(Brief descriptive captions)
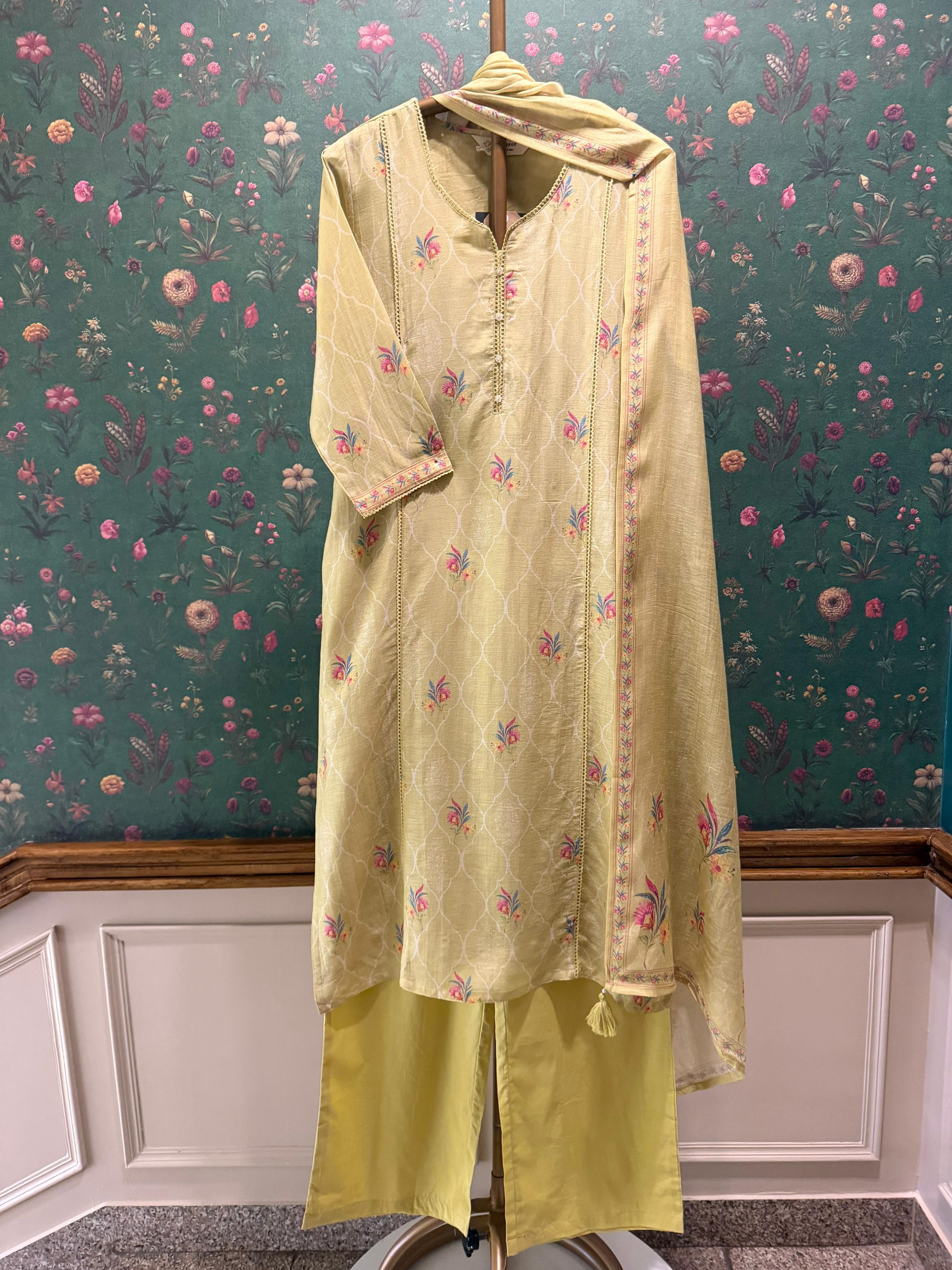 Lime Green Printed Cotton Linen Suit Set | HER-769
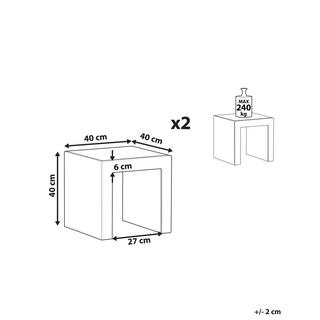Beliani Gartenstuhl 2er Set aus Faserzement Industriell TARANTO  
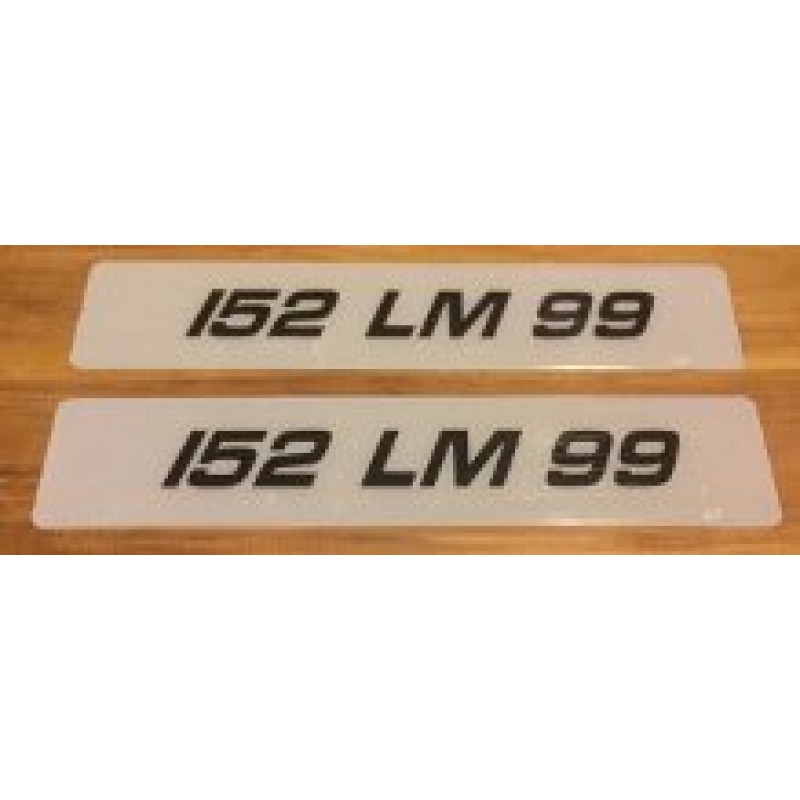 FK Italic font number plates (white) 1 pair 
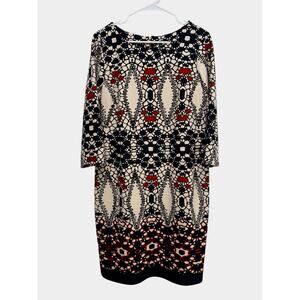 Julian Taylor Sz 14 Stretch Knit LS Dress Office Work Career Church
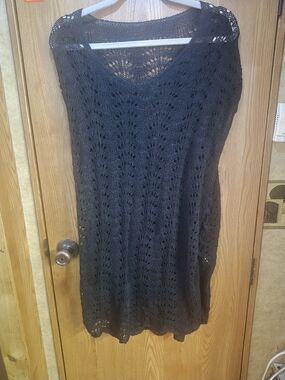 SHEIN Black Crochet Curve Tunic.  Box  45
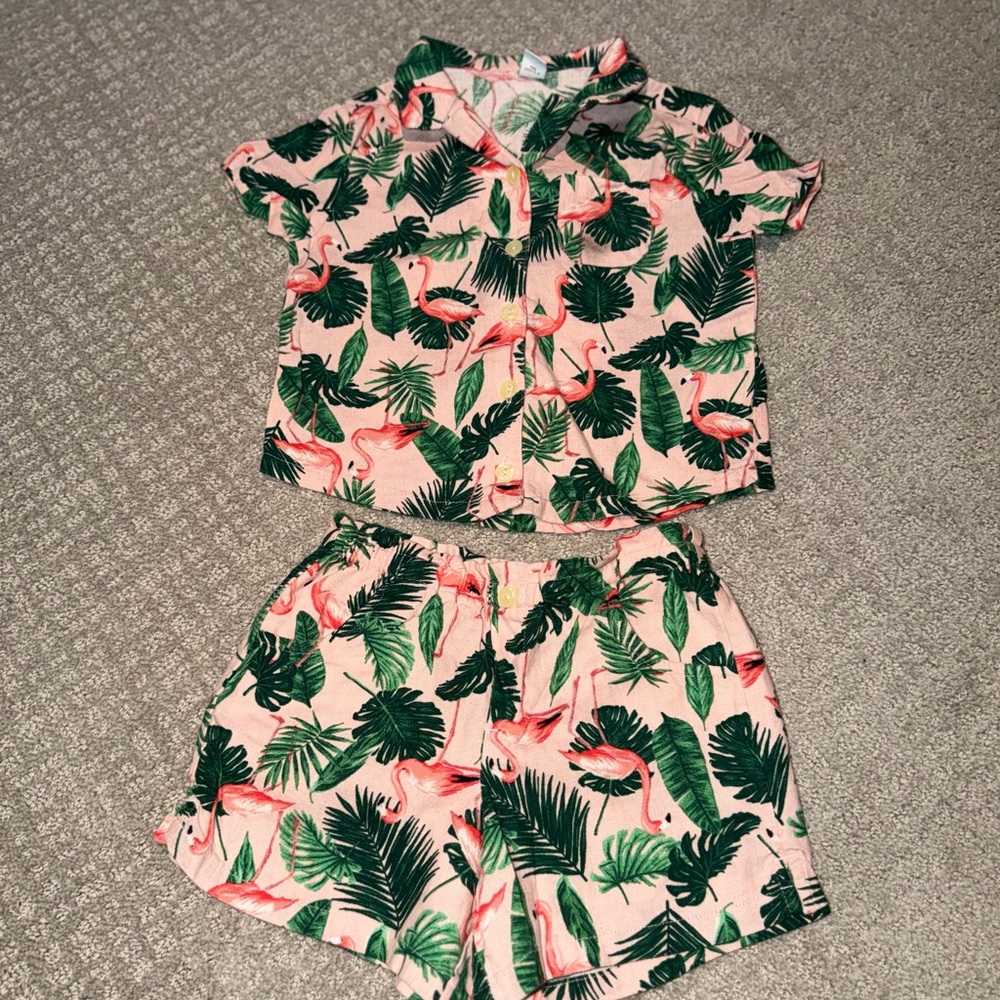Kids Tropical Flamingo Matching Set Size 5T - Picture 3 of 8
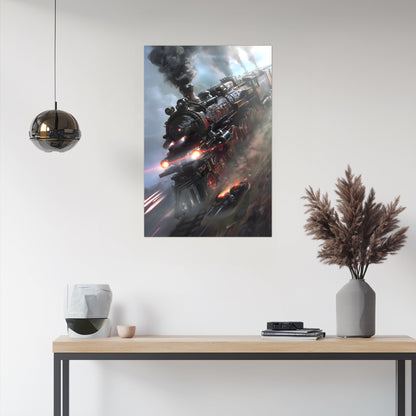 Steampunk Train Poster – Blitzfire Express | Awe-Inspiring Wall Art for Sci-Fi & Fantasy Train Enthusiasts | Unique and Exclusive Artwork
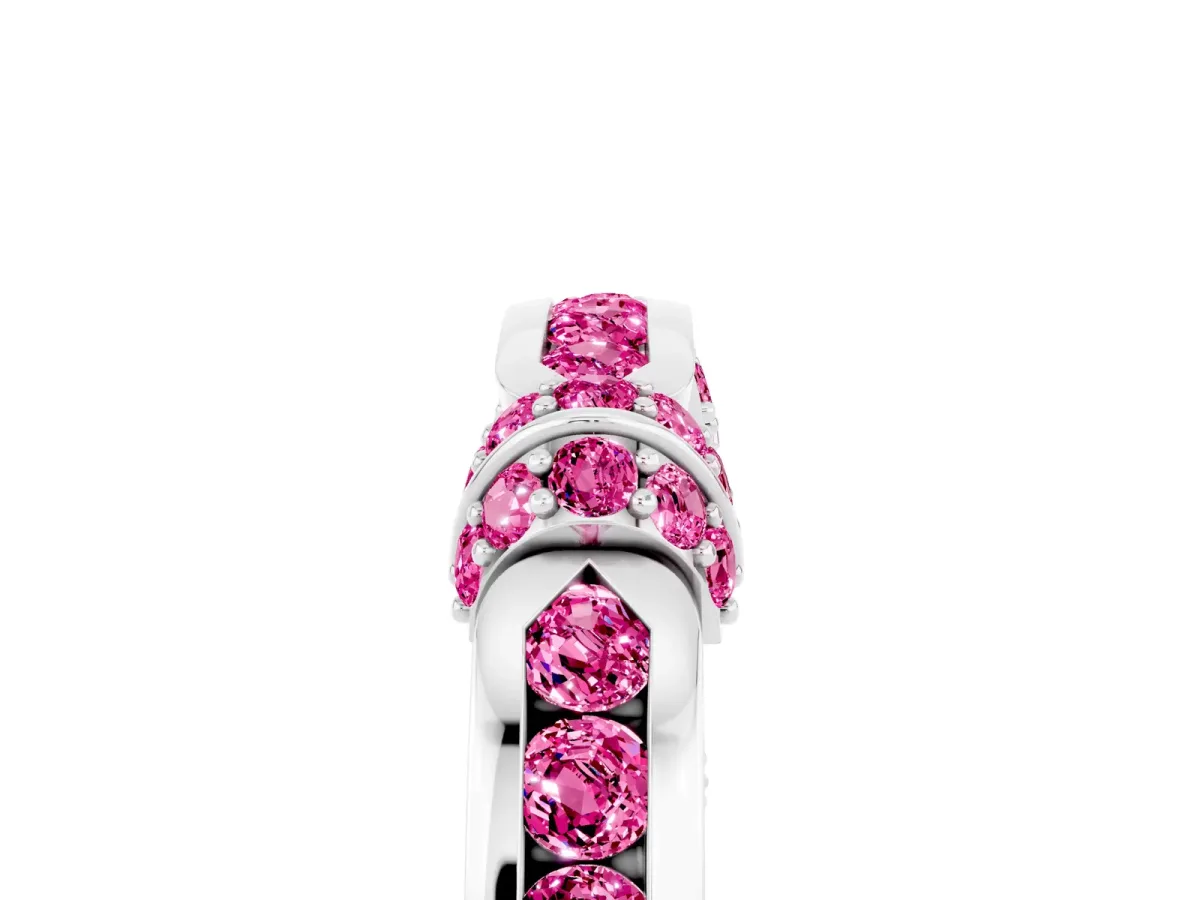 Pavé Round Pink Sapphire Link Band with Bezel Setting Silver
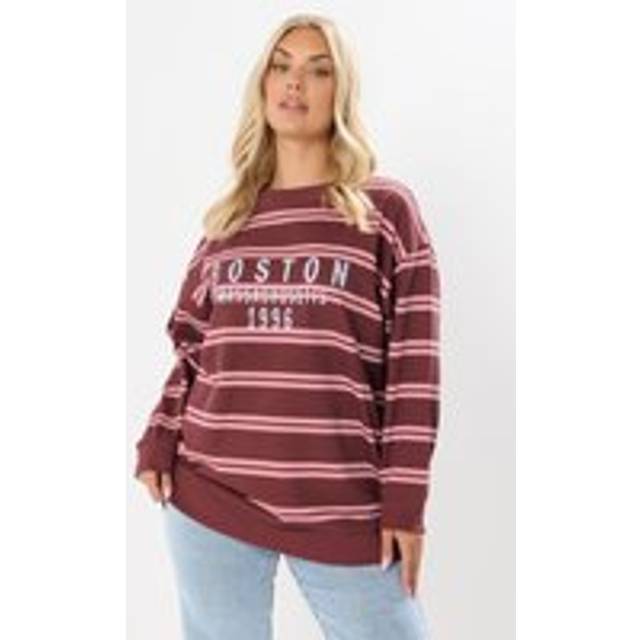 Yours Plus Size Red 'Boston' Slogan Stripe Sweatshirt Size 30-32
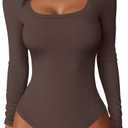 ANRABESS Women Scoop Neck Bodysuits Long Sleeve Tops 2025 Fall Slim Fit Ribbed Knit Sexy Soft Basic Shirts Fashion Outfits (Small, Coffee)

■ **AIM OF THE TASK**:
Reproduce every record above exactly, omitting the pictures.

■ **EXERCISE SOLUTION**:
 Lime Green Printed Cotton Linen Suit Set | HER-769
Beliani Gartenstuhl 2er Set aus Faserzement Industriell TARANTO  
 FK Italic font number plates (white) 1 pair 
 Julian Taylor Sz 14 Stretch Knit LS Dress Office Work Career Church
 SHEIN Black Crochet Curve Tunic.  Box  45
Kids Tropical Flamingo Matching Set Size 5T - Picture 3 of 8
 Steampunk Train Poster – Blitzfire Express | Awe-Inspiring Wall Art for Sci-Fi & Fantasy Train Enthusiasts | Unique and Exclusive Artwork
 Pavé Round Pink Sapphire Link Band with Bezel Setting Silver
 Yours Plus Size Red 'Boston' Slogan Stripe Sweatshirt Size 30-32
 ANRABESS Women Scoop Neck Bodysuits Long Sleeve Tops 2025 Fall Slim Fit Ribbed Knit Sexy Soft Basic Shirts Fashion Outfits (Small, Coffee)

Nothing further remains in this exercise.